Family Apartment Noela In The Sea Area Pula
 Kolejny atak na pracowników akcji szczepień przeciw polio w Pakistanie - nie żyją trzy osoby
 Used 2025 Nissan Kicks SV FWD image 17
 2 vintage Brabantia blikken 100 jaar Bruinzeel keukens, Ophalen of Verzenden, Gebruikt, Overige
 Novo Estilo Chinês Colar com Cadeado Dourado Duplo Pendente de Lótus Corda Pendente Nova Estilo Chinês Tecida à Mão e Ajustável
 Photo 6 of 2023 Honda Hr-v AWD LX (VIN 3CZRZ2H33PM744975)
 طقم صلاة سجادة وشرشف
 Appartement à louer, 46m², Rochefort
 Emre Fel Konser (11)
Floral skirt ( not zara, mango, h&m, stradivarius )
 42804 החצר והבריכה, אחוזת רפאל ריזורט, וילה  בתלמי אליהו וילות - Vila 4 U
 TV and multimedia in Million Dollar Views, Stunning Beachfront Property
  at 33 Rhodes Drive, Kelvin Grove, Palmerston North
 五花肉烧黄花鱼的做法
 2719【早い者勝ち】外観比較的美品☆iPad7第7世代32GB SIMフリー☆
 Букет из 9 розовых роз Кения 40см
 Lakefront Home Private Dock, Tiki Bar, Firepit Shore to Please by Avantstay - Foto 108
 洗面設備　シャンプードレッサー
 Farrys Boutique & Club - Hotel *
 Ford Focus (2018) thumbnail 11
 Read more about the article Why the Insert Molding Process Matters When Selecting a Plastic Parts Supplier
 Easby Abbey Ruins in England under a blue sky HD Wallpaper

#### [Task description]
Copy the lines of the data above exactly as written, beginning with the line containing "Novo Estilo Chinês" and ending with the line containing "Appartement à louer, 46m², Rochefort", and leave out all other lines.

#### [Answer space]
 Novo Estilo Chinês Colar com Cadeado Dourado Duplo Pendente de Lótus Corda Pendente Nova Estilo Chinês Tecida à Mão e Ajustável
 Photo 6 of 2023 Honda Hr-v AWD LX (VIN 3CZRZ2H33PM744975)
 طقم صلاة سجادة وشرشف
 Appartement à louer, 46m², Rochefort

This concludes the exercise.